We often apologize for everything but never for the right things. There is this idea that being a nice person requires you to say “I’m sorry” a lot. When we constantly say “I’m sorry,” we are inviting people to think we should be or need to be sorry for something. Very often the people who are saying “I’m sorry” most frequently are those who feel the least amount of respect.

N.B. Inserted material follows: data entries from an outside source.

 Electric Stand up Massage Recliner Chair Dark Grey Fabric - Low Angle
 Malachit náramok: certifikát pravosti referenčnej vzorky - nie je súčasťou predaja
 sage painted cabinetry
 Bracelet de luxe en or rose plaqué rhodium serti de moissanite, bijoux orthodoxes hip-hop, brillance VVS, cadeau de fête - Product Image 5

Instead of saying “I’m sorry,” say “thank you.” When you start to communicate appreciation you will improve confidence in yourself. For many of us, we were not even aware of the frequency we texted, emailed, or verbalized “I’m sorry” until reading this. Now it is on your mind.

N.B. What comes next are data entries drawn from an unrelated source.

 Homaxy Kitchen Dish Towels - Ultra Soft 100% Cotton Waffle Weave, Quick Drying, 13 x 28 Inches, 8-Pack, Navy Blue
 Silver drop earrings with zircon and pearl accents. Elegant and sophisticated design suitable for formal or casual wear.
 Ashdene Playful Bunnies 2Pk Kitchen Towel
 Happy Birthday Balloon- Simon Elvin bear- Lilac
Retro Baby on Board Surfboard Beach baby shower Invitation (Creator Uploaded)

It is possible to be both confident and kind. It is possible to be kind to yourself, implement self-care, and still be kind to others. It is all about how we communicate. Replacing the language you use will shift the way you think not only about yourself but your relationships as well. The people you previously said “I’m sorry” to, those who were hearing the negativity, are now able to receive gratitude and experience the appreciation and positivity you can offer. How you communicate with others will start to be straight forward and more genuine.

As you transition from “I am sorry” to “Thank you,” you will start to feel a sense of empowerment. The change in language will directly influence what you feel and the actions you take. Over time you will stop seeking approval and reassurance through apologies and start to give to yourself. The self-blame will be reduced and the acceptance will be increased.

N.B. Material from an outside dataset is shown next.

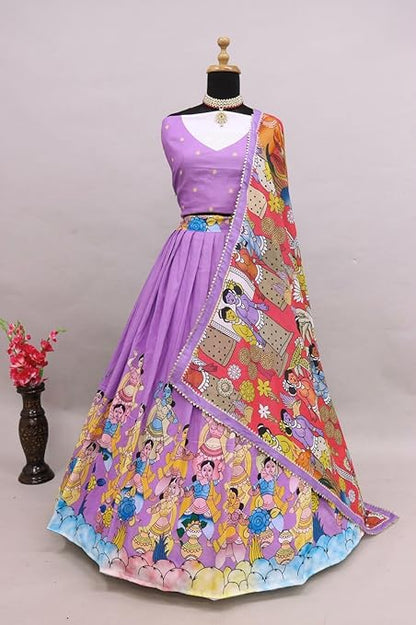 Women's Lehenga Choli Kalamkari With Degital Print Work Bollywood Style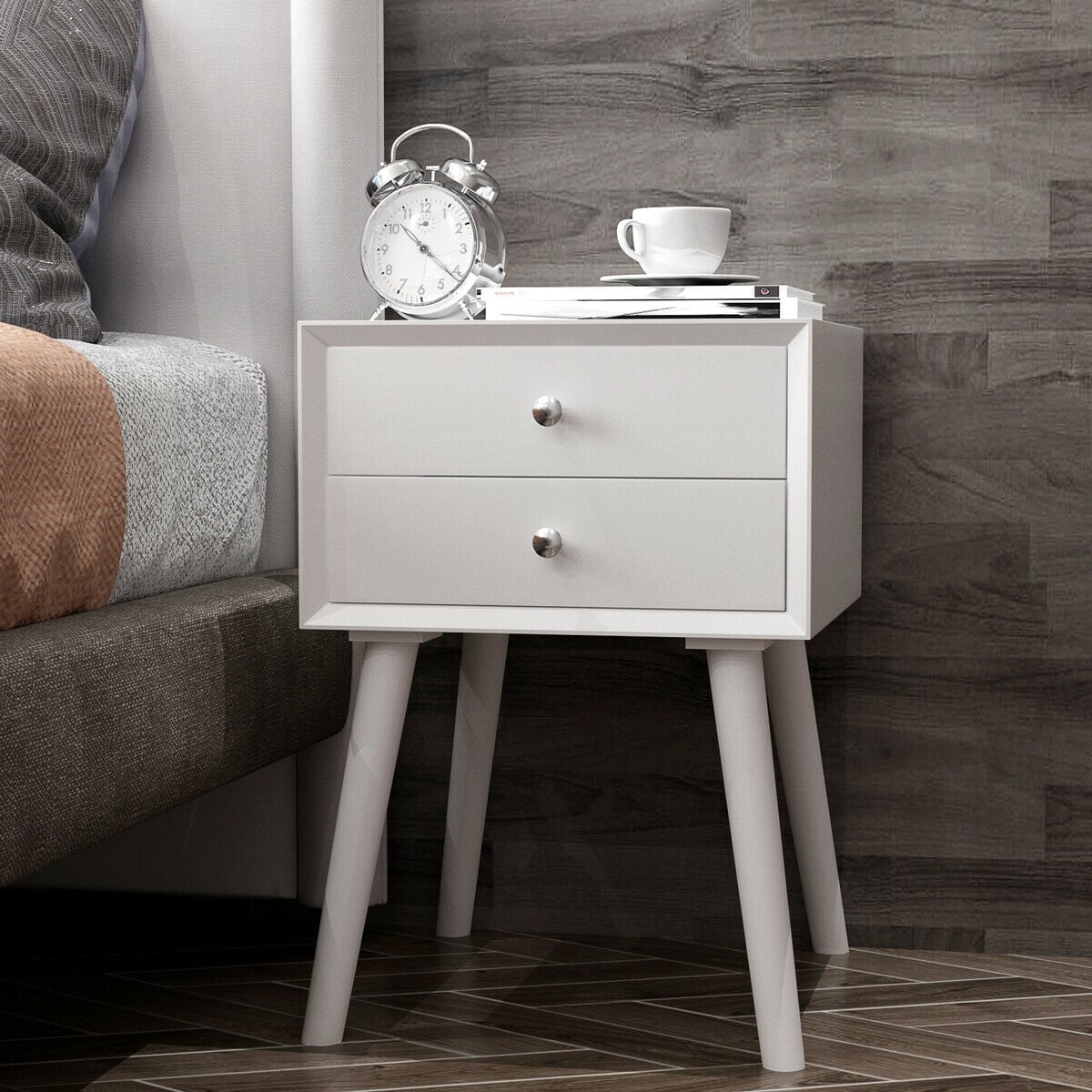 Wooden Nightstand Mid-Century End Side Table with 2 Storage Drawers-White-Nightstands-DECOROLALA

When we say “sorry,” we are expressing a negative feeling. It increases feelings of guilt. There is an opportunity to be positive in your thoughts and feelings with “thank you.” Save the apologies for when you experience true feelings of remorse, when there is guilt, or an intent was made to cause harm. Find the way to say “thank you” and stop apologizing for something that was not intended or was not your mistake.

There will be times that an apology is necessary, and “I am sorry” is genuine, but not all the time. Take the time to start evaluating what are valid reasons to say “I am sorry” and if you are overdoing it. The first step to achieving change is to recognize the need to change. Now that you know, start replacing the words and expressing gratitude.

Here are some examples of phrases you can use to break the cycle and replace negativity with positivity.

“I am sorry I was late” becomes “Thank you for your patience.”

“I am sorry to make you do this” becomes “Thank you very much for taking care of this.”

“I am sorry but I cannot make it to the party” becomes “Thank you for the invitation.”

“I am sorry to ask you this” becomes “Thank you for helping me out.”

“I am sorry for being emotional” becomes “Thank you for listening to me and loving me.”

Rachel Velishek is a licensed professional clinical counselor with Fisher-Titus Behavioral Health, Fisher-Titus Medical Park 2, Suite C, 282 Benedict Ave., Norwalk. Her office can be reached at 419-668-0311. For more information on Fisher-Titus Behavioral Health, visit fishertitus.org/behavioral-health.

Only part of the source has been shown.